Silent meditators at war with the neighbours
A silent meditation centre is continuing its fight against the largest shooting range in Australasia, which has just opened next door.
In the latest episode of the unlikely neighbours at war, Vipassana Auckland is seeking solicitors to help it appeal against the High Court decision to grant Auckland Shooting Club's consent. The case has already been to the High Court, where the judge's ruling allowed the shooting range's Auckland Council-granted consent to go ahead.
Deputy Prime Minister Paula Bennett opened the range on Friday, following a judge’s decision at the end of June.
Located in rural Makarau, Kaipara Harbour the consent was for two pistol areas with a six-bay shooting range on the lifestyle block of Raymond O’Brien and Victoria Pichler.

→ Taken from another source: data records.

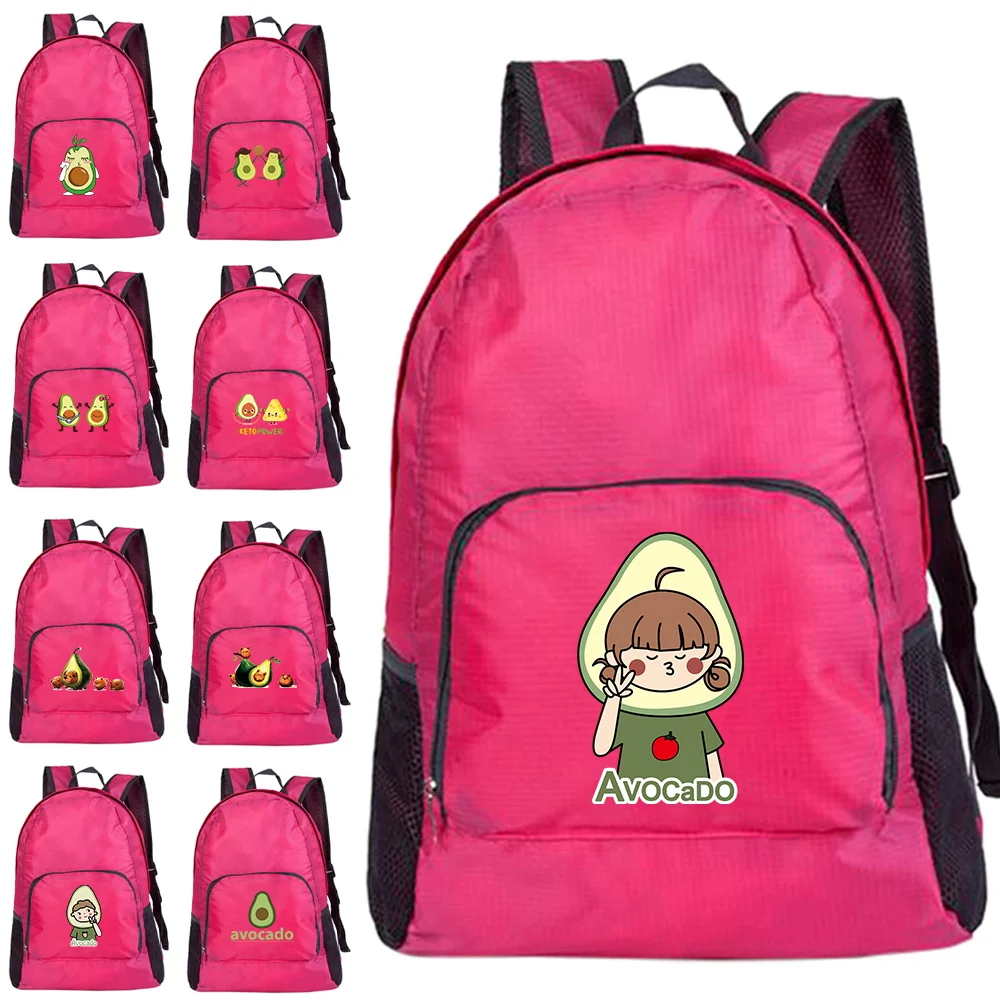 

Folding Eco-friendly Backpacks Large Capacity Mountaineering Bag Avocado Printing Series Portable Leisure Men Women Sport Bags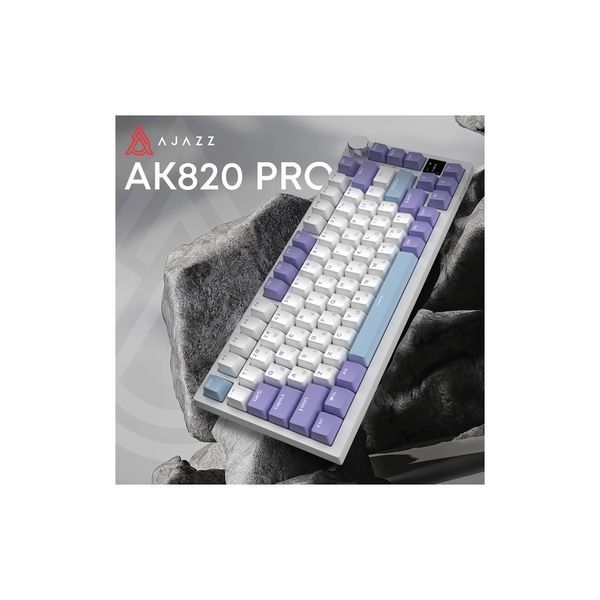 Клавіатура Ajazz AK820 Pro Gift Switch Purple RGB USB/Wireless/Bluetooth UA Purple (AK820PRO-G-PWB) 227303 фото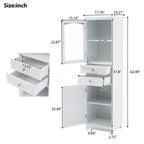 63" Tall Bathroom Storage Cabinet With Glass Doors - image 13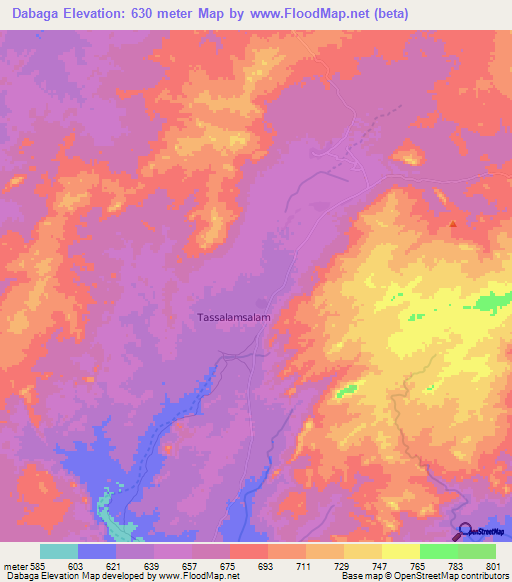 Dabaga,Niger Elevation Map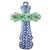 Polish Pottery Cross 7.75". Hand made in Poland and artist initialed.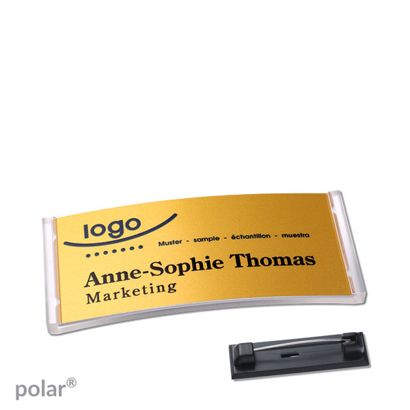 Naambadges polar® alu-complete magneet null | null | 65 x 30 mm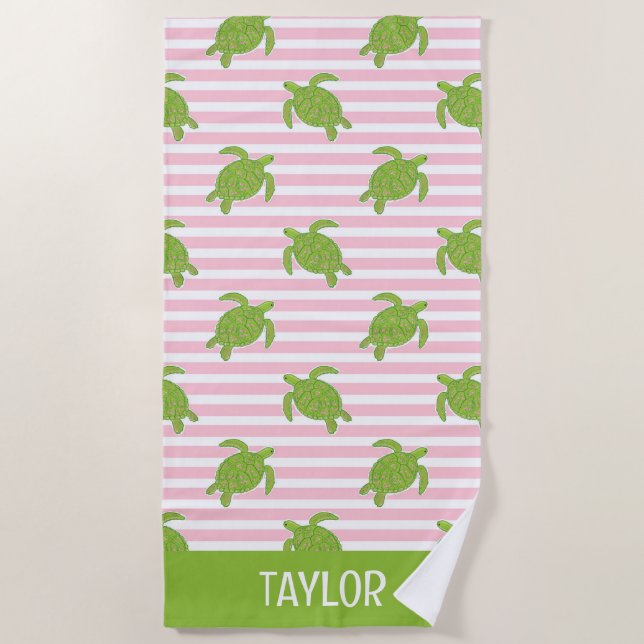 Serviette De Plage Cute Palm Beach Rugby rose Tortues (Devant)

The couple plan to expand the site to up to 30 bays, and have claimed victory on the Auckland Shooting Club’s website.
Vipassana is a non-religious, silent meditation centre that attracts about 1500 meditators each year. It is run as a charity, with meditators paying donations to attend the mentally challenging courses that range from 10 to 21 days in length.
Completed in silence, meditators are not allowed to speak or communicate with others and cannot use mobile phones, read books, listen to music, or write anything down.
Vipassana centres are located around the world, and Auckland’s centre has been situated in its remote location on Burnside Rd, Kaukapakapa for over 30 years.
Although former students were sent an email from Vipassana Foundation Charitable Trust Board asking for legal help in its bid to the Court of Appeal, a spokesperson told Newsroom a final decision on whether to appeal has yet to be made.
“The trustees have taken legal advice on the court’s decision," the email reads.
"The advice identifies that there are potential grounds to appeal the decision of the High Court to the Court of Appeal.”
While the trust has a resource management lawyer, but it also seeking a new lawyer to help with its plight.
“To date that role has been ably and generously fulfilled by a Vipassana student, who has acted on a pro bono (no cost) basis for the trust for the past eight months.
“The trust ideally would like to be able to secure a Vipassana student to act as the instructing solicitor for the purposes of advising the trust in this next phase, in relation to the certificate of compliance, and any related action.”